Entonces siento el impulso de abalanzarme sobre él, pero eso sería un acto de desesperación que me haría parecer una desequilibrada y no estoy dispuesta a mostrar signos de debilidad, y mucho menos delante de todos esos camareros que están pendientes de nosotros, aunque finjan no estarlo.

          Pero al mismo tiempo también siento el impulso, o más bien la necesidad, de abofetearlo por provocarme para luego avergonzarme delante de sus compañeros.

—¿Y para qué toda esta farsa, Mikel? —Presiento que todos sus actos han sido una perfecta interpretación con el único fin de vengarse de mí por el daño causado hace tiempo.

—Nada ha sido una farsa, Verónica, yo sigo enamorado de ti. Pero tienes que darte cuenta de una cosa.

—¿De qué, Mikel? —Empiezo a estar cansada de tanto misterio. 

—Tú sola lo descubrirás, tarde o temprano.

Mi mirada es muy distinta ahora, se extraña. No entiendo a qué se refiere, aunque tampoco tengo ganas de preguntar. Mikel me desafía, esconde algo que le atormenta. Esa es la sensación que yo tengo, pero no quiere hacerme sufrir.
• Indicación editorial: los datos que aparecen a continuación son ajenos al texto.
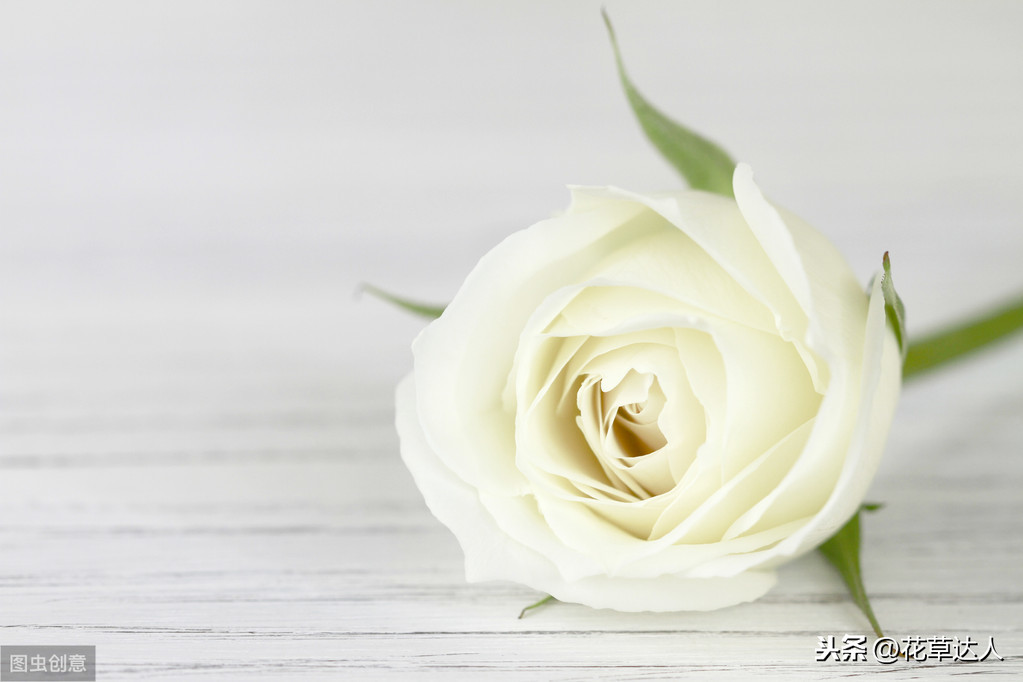 白玫瑰的花语是什么 不同数量的白玫瑰都代表什么含义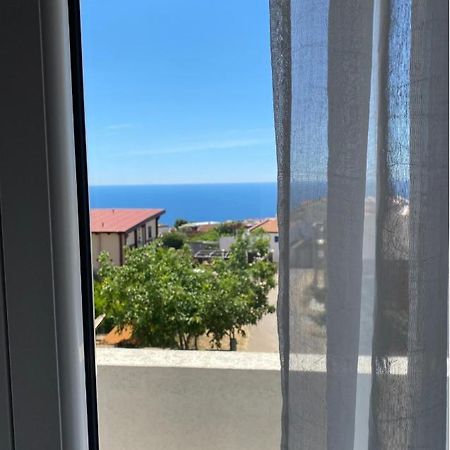 Apartments Wild Beauty - Krimovica Budva Exterior foto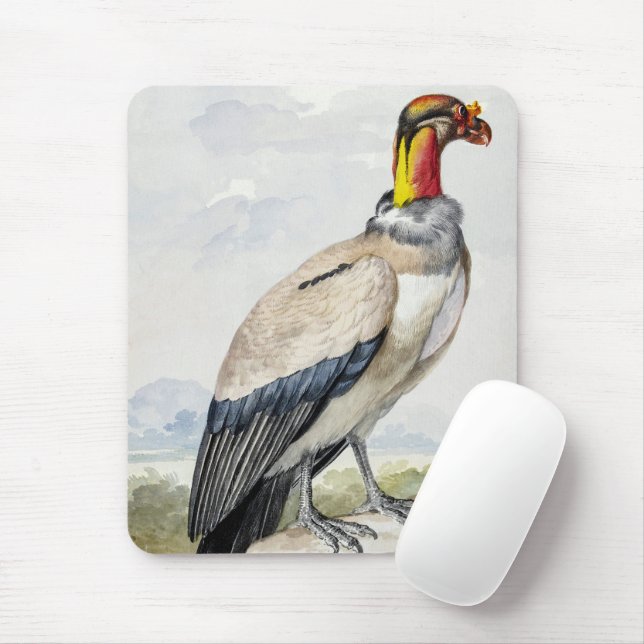 Vibrant Exotic King Vulture Wall Decor Mouse Pad (With Mouse)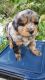 Australian Shepherd Puppies for sale in Greenville, NC, USA. price: NA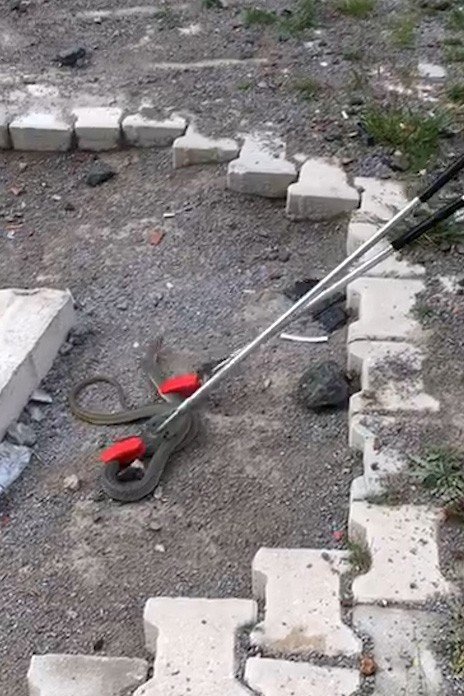 Gümüşhane Kent Merkezinde Yılan Operasyonu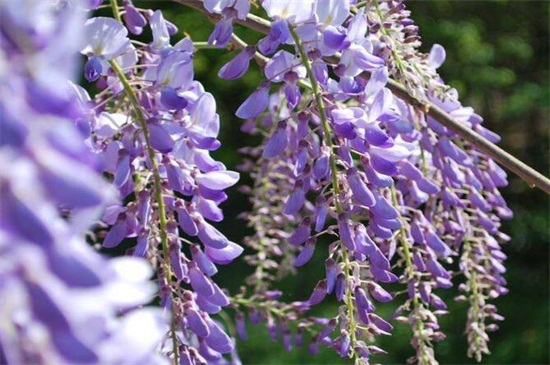 紫藤和槐花的区别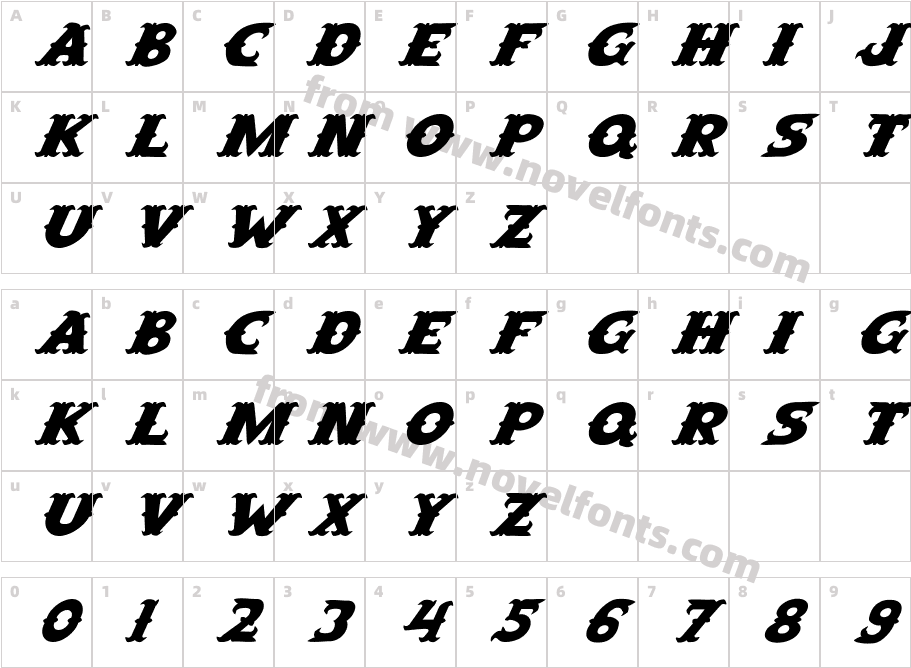 FZ UNIQUE 42 ITALICCharacter Map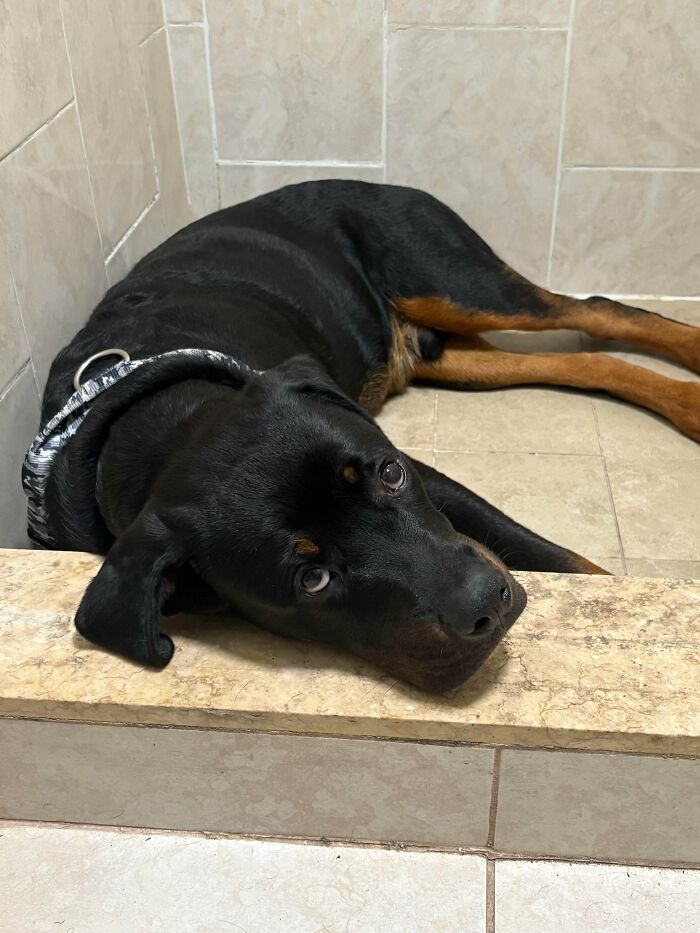 A silly black and tan dog looking up with a derpy expression, lying on a tiled floor.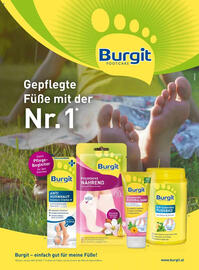 dm Flugblatt Seite 71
Puede que sea cierto que le importo demasiado.

—Muy bien, Mikel —digo más tranquila; ambos lo estamos—. A partir de ahora no nos veremos más, por favor. Esto acaba ahora mismo, no me busques y yo no te molestaré.

Asiente nada más moviendo la cabeza, pero antes de separarnos, dice algo.

—Mira a tu alrededor, Verónica. La verdad se esconde cerca de ti.